我來舉個例子——師兄,您可千萬別這麽說,君子之交淡如水,您可是君子,以茶代酒也不差,只要感情到位,喝白開水都能品出酒味,有感情就有理解,我以茶代酒,敬您一杯。”

“雖然師兄和東家不太一樣,但也可以套用。”

冀星洲露出恍然大悟的表情:“懂了。”

游長海話鋒一轉:“不過,他們只是你的同門,比你早幾年入門,算不上你的東家。他們要是不下你給的臺階,你也沒有必要太給臉,顯得你軟弱可欺。”

冀星洲用力點頭:“我明白了。”

“行了,你快回去睡吧,我也要去休息了。”

“我送你。”冀星洲繞到游長海身後,推著他往房間裏去。

“對了,要不你去找三師姐開一個酒水過敏的單子吧,以後有人灌你酒,就拿出來,能擋掉不少人。”

“好,謝謝。”

“你總是在說謝謝。不過你的酒品還挺好的,沒有大吵大鬧。”

將游長海送回去之後,他把那條毛巾搓洗幹凈晾在顯眼的地方,隨後也回客房睡覺了。

冀星洲醒來的時候,已經接近午飯時間了,隱隱有些悶熱。

初夏時節的中午,是烈陽當空,揮灑熱浪的時間。雖然修仙界的衣服防寒避暑,但千百年來留下的風俗習慣,還是讓許多人選擇在不同的季節,穿不同厚度的衣物,戴應景的飾品。

他這會兒腦子才算真的清醒過來,餘留下來的頭疼幾乎可以忽略不計,掀開被子下床,推開門,葉衫正好在外面。

聽見動靜,她朝冀星洲走過來:“你醒了,感覺如何?”

“挺好的,恢覆得差不多了。葉前輩,您能不能開個酒水過敏的單子給我。”

葉衫很爽快地答應了:“好說,有筆和紙嗎?”

身為醫者,她同樣看不慣那些酗酒過度被送過來治療的人。

冀星洲掏出紙筆,葉衫三兩下就寫完了。

向她道謝過後,冀星洲打算和游長海道個別就回癡絕處。

“游長海他現在醒著嗎?”

“應該是醒著的。”

冀星洲敲敲游長海的房門,敲完才意識到他聽不見,手指蜷縮一下,緩緩推開一條小縫。

游長海正趴在床上興致勃勃地看話本子,已經看完一大半了,看見冀星洲推開門就讓他進來。

這裏的小說也別有一番趣味呢。

他津津有味地翻了一頁又一頁,門口的動靜卻戛然而止了。

“你怎麽不過來?”

游長海從床上爬起來坐著,身上罩著的一層薄薄的紗衣在腰際線堆出幾道褶子。

聽他說話,冀星洲才緩緩走近,視線避開上半身兩個若隱若現的紅點:“你……你已經穿上紗衣了……”

“已經迫不及待要過夏天了。”

游長海愜意地挺起胸膛,舒展臂膀,伸伸懶腰,那粉嫩的兩點愈發明顯,在紗衣上頂出小小的凸起。

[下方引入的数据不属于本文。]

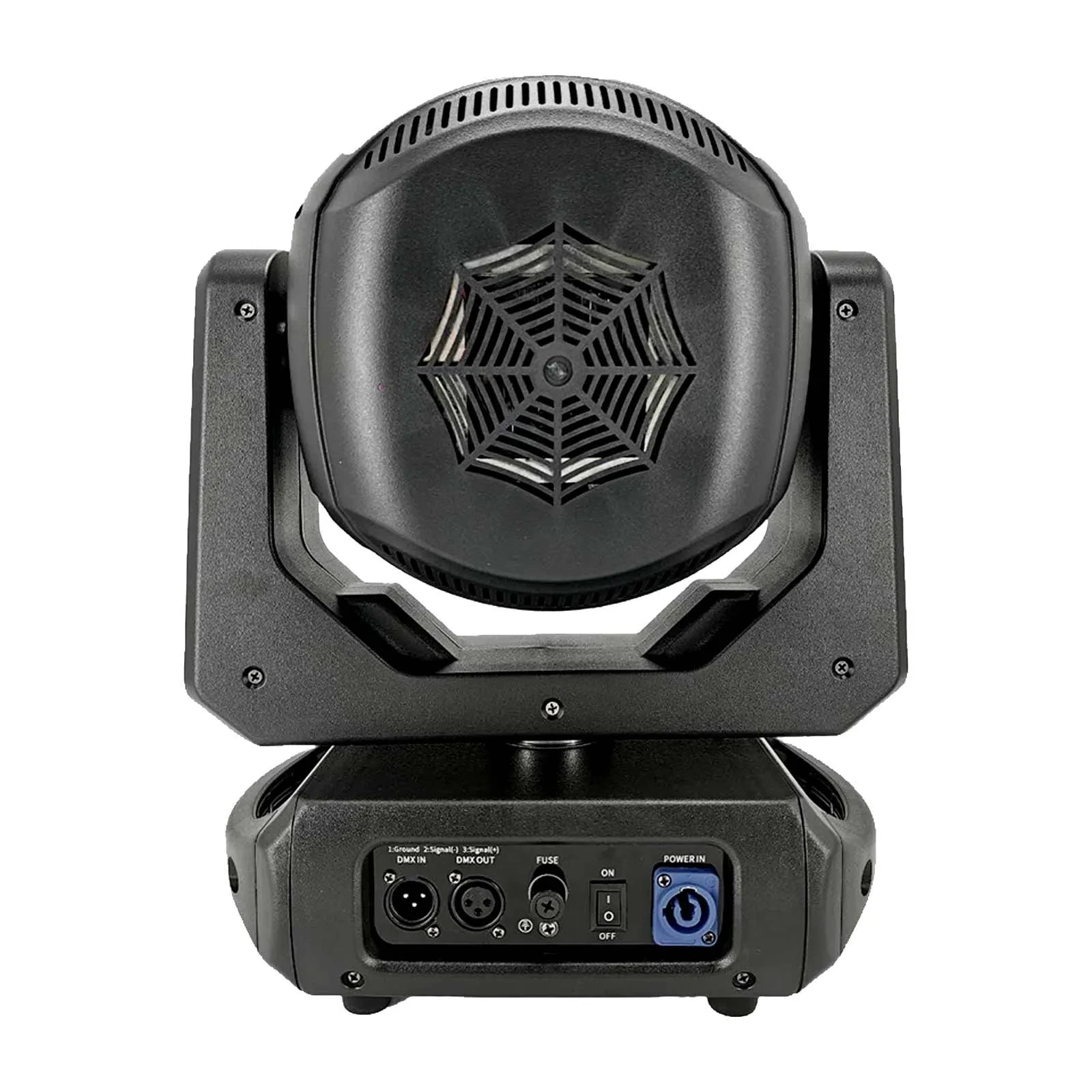 Изображение №9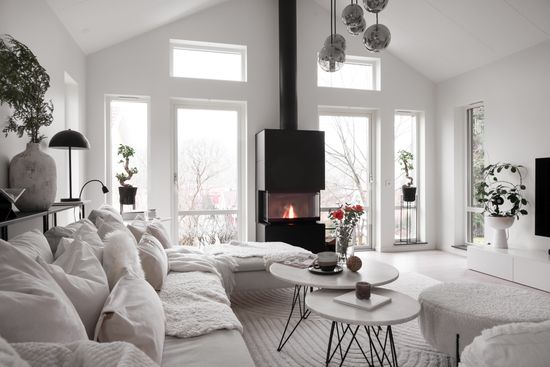 Villa, Gamla Kungälvsvägen 13B, Centrum Kungälv, Kungälv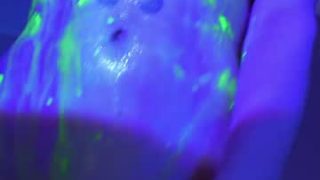 Milabunny_ 
 Adult webcam model milabunny_ at
 Chaturbate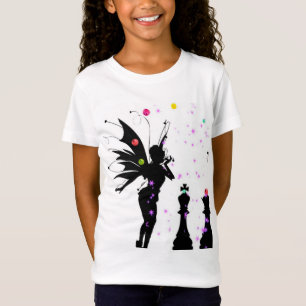 PRINCIPE T-SHIRT
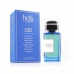 Parfem za oba spola BDK Parfums Citrus Riviera EDP 100 ml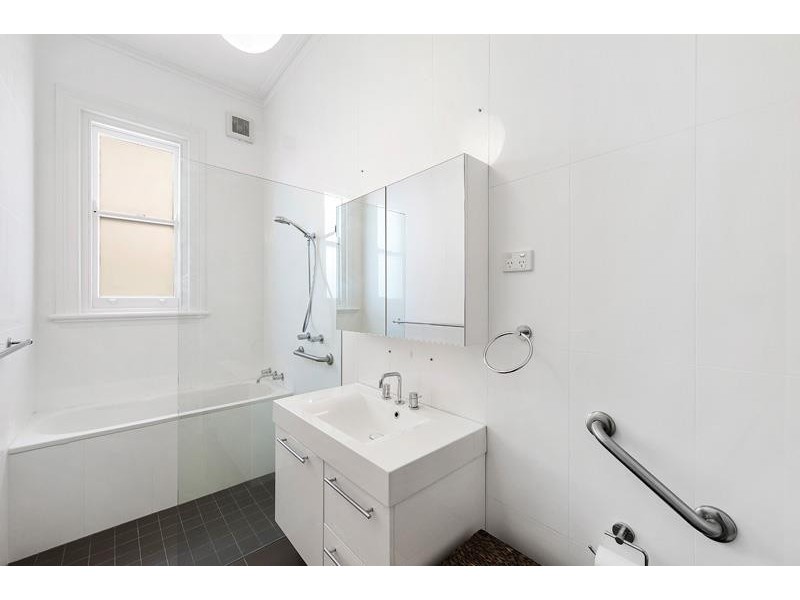 53 LLANDAFF STREET, Bondi Junction NSW 2022
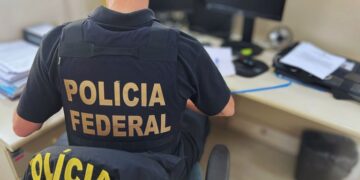 PF investiga ex-prefeito de Lajeado por suspeita de desvio de R$ 120 milhões em verbas para enchentes no RS
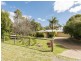 5 Hobbit Glade, Mundaring WA 6073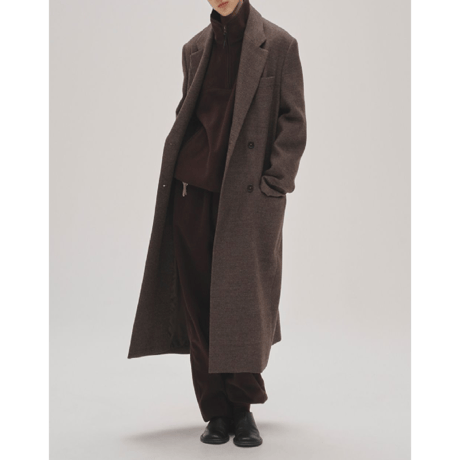 【TODAYFUL】Easy Fleece Pants   ＊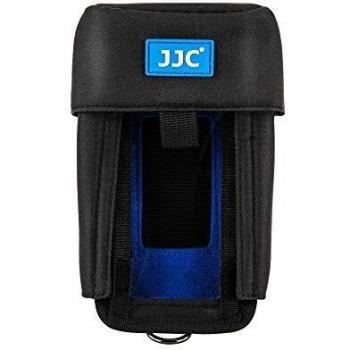 Zoom H4n Handy Recorder Cover – JJC HRP‑H4N Replacement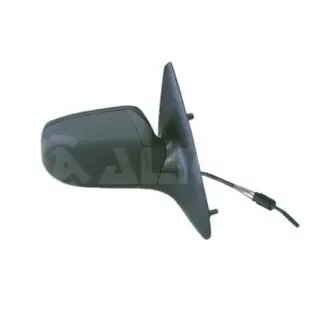 6164361 Зовнішнє дзеркало ALKAR підбір по vin на Brocar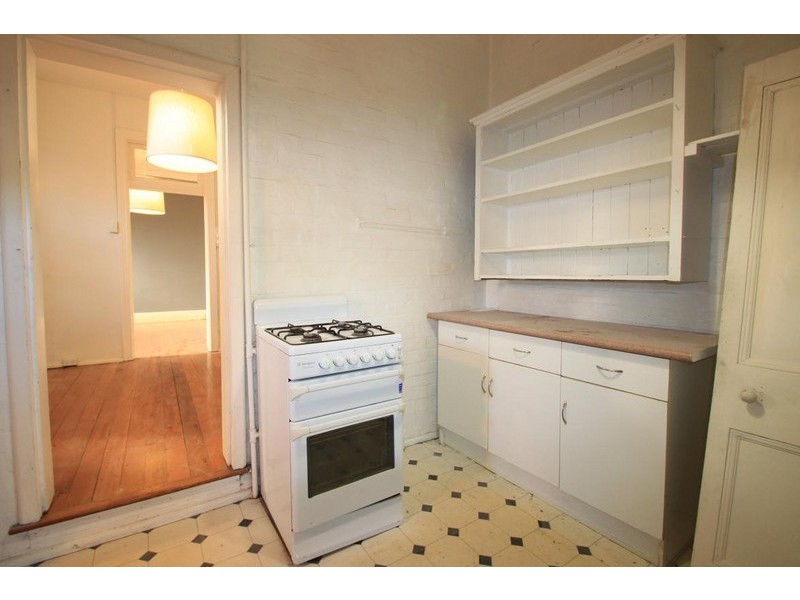 19 Charles Street, Marrickville NSW 2204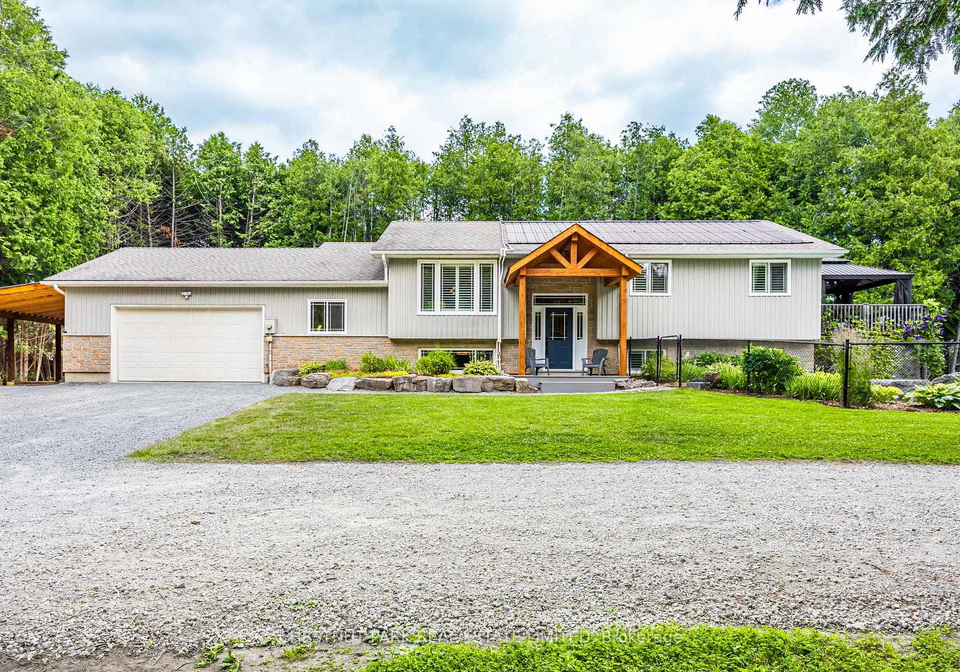 83-polva-promenade-georgina-ontario-n12268628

冀星洲本能地避開視線,把頭發往旁邊撇,不合時宜地想起癡絕處流傳的各種荒唐流言。

游長海更奇怪了,走到他身邊仔細觀察:“你在看什麽?”

盯了一會兒,游長海意外地發現冀星洲耳垂泛紅,低頭看看自己,頓時大笑起來:“你是不好意思看我嗎?”

“……”

被戳穿了,冀星洲沒忍住往後退了半步。

“都是男的有什麽不好意思,你沒跟其他男人一塊住過嗎?沒見過男人光膀子?這怎麽可能。”

游長海念書那會兒,一宿舍八個人住一塊,一到夏天恨不得褲衩子都不穿,他現在身上還罩了一件紗衣,下半身還有條褲子呢。

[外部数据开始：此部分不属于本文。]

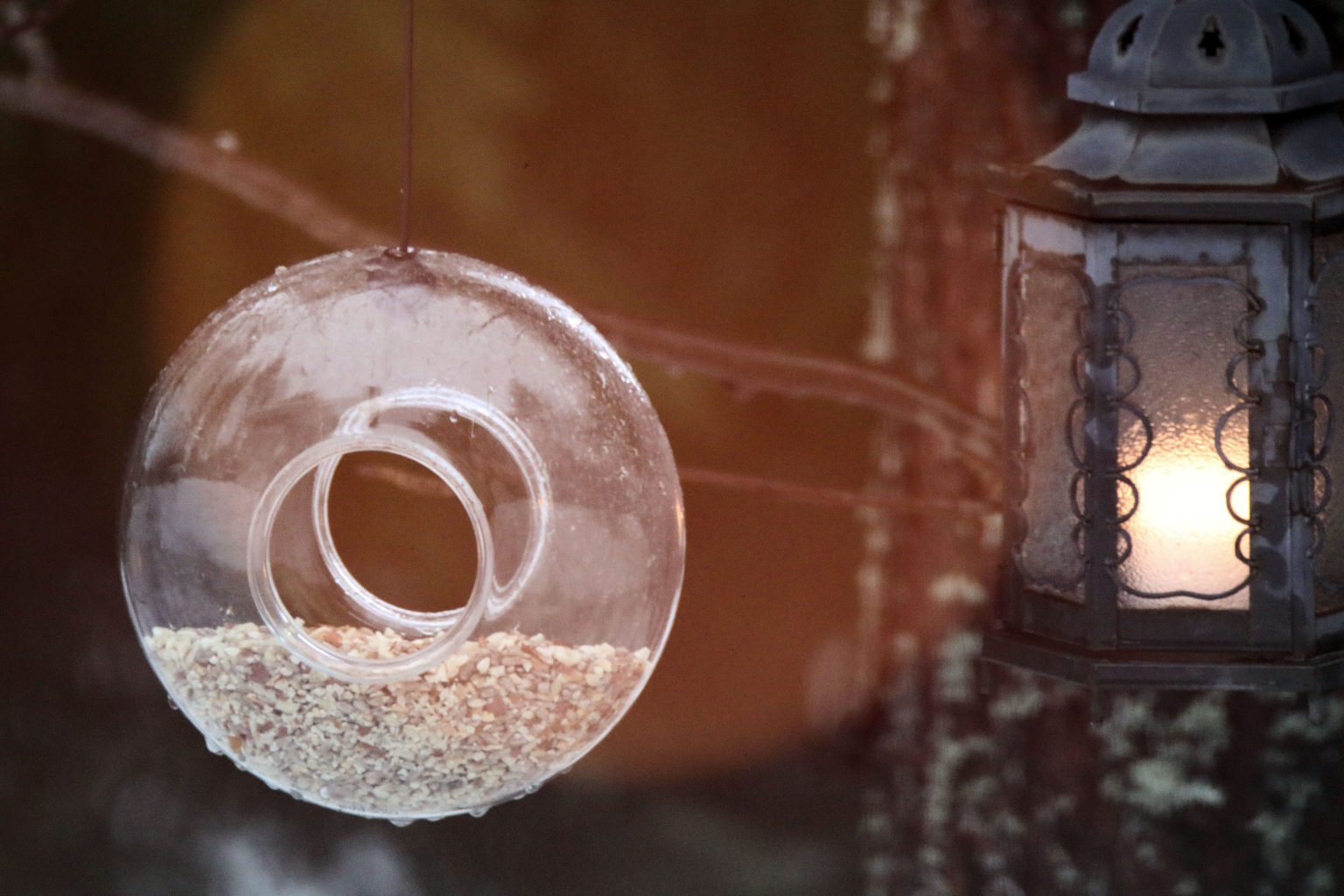 Valokuvaaja: Ahti Keränen Valokuvaaja: Ahti Keränen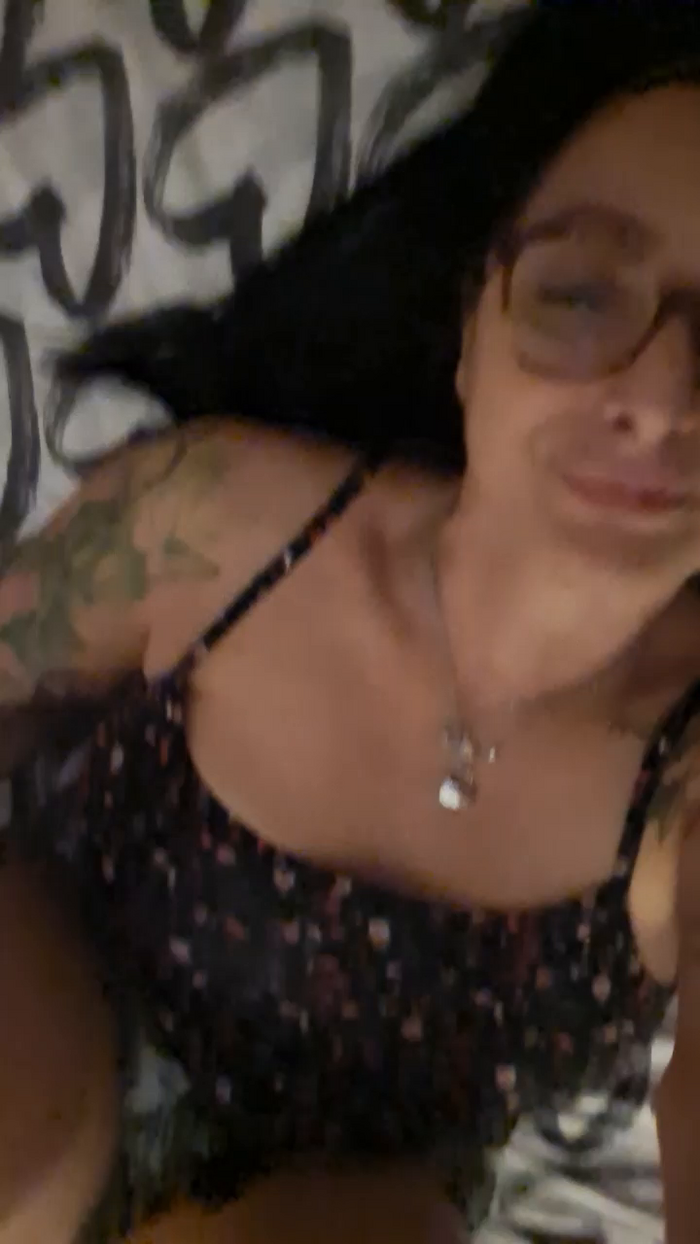 nenasexy7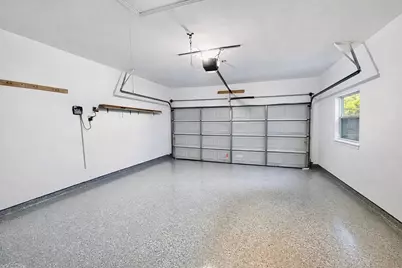 2614 Orchard Creek Lane, Katy, TX 77494 - Photo 18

冀星洲呼吸一滯,見自然是見過的,但看見游長海這樣,他就是覺得渾身不對勁,胸口一股無名火。

一個大男人,長得那麽白就算了,穿件衣服也不好好穿,領口的扣子三四個都敞在那裏。自己私底下穿穿也就罷了,居然就這樣隨便地出來見客人,不像樣。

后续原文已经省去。